* **TASK DETAILS**: Transcribe nothing except the lines below that run from the one with "L-methionine 500 mg capsules 180 Capsules" to the one with "Grade 4 Open Court - Unit 4 - Study Guides", ends included, and do not copy any picture.

+++ DATA SECTION

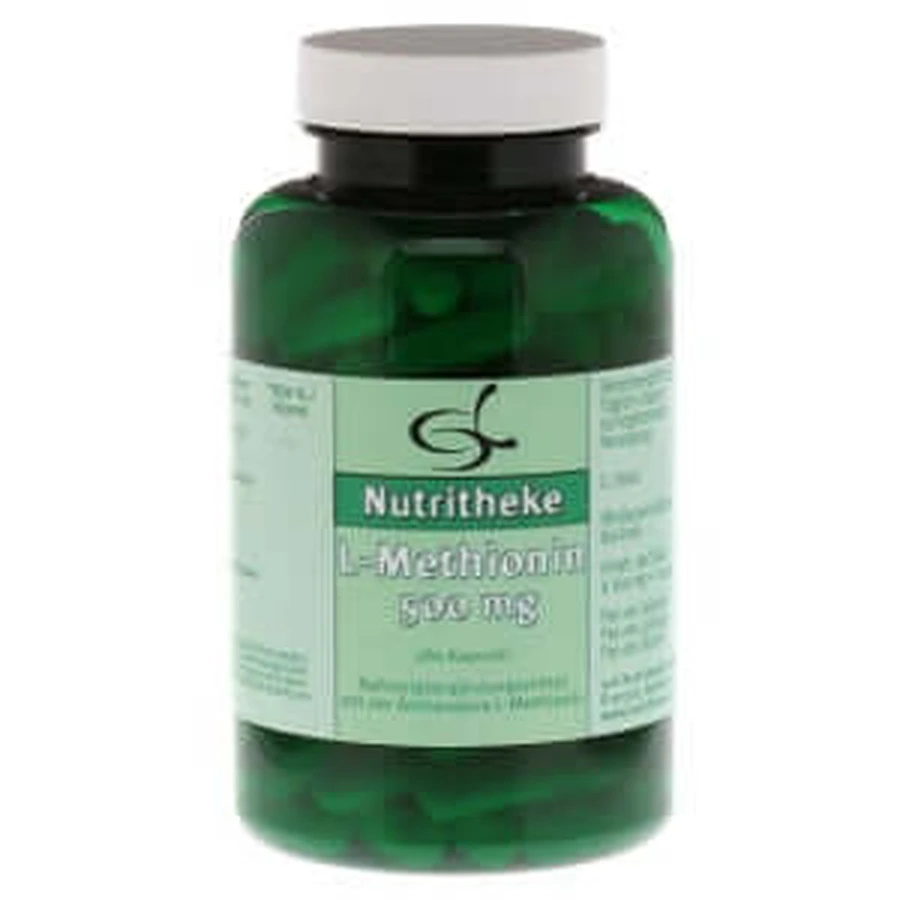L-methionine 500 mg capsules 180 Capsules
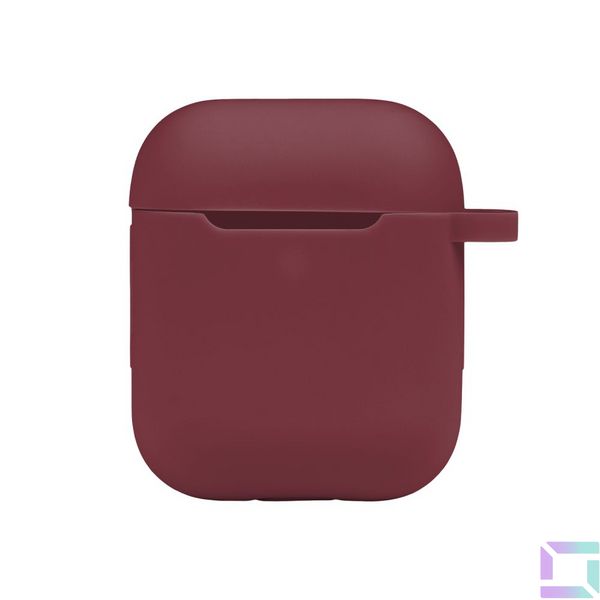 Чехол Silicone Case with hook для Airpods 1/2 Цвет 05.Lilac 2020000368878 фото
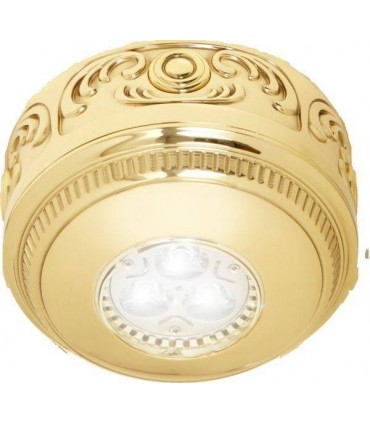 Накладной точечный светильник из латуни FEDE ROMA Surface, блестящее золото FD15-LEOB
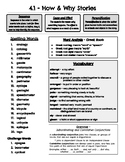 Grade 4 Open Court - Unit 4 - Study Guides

++++++
+++ DATA SECTION

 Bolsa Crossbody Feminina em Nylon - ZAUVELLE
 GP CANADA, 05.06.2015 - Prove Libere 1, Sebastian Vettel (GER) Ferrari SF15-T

++++++

* **REPLY TO THE EXERCISE**:
L-methionine 500 mg capsules 180 Capsules
 Чехол Silicone Case with hook для Airpods 1/2 Цвет 05.Lilac 2020000368878 фото
 Накладной точечный светильник из латуни FEDE ROMA Surface, блестящее золото FD15-LEOB
 Grade 4 Open Court - Unit 4 - Study Guides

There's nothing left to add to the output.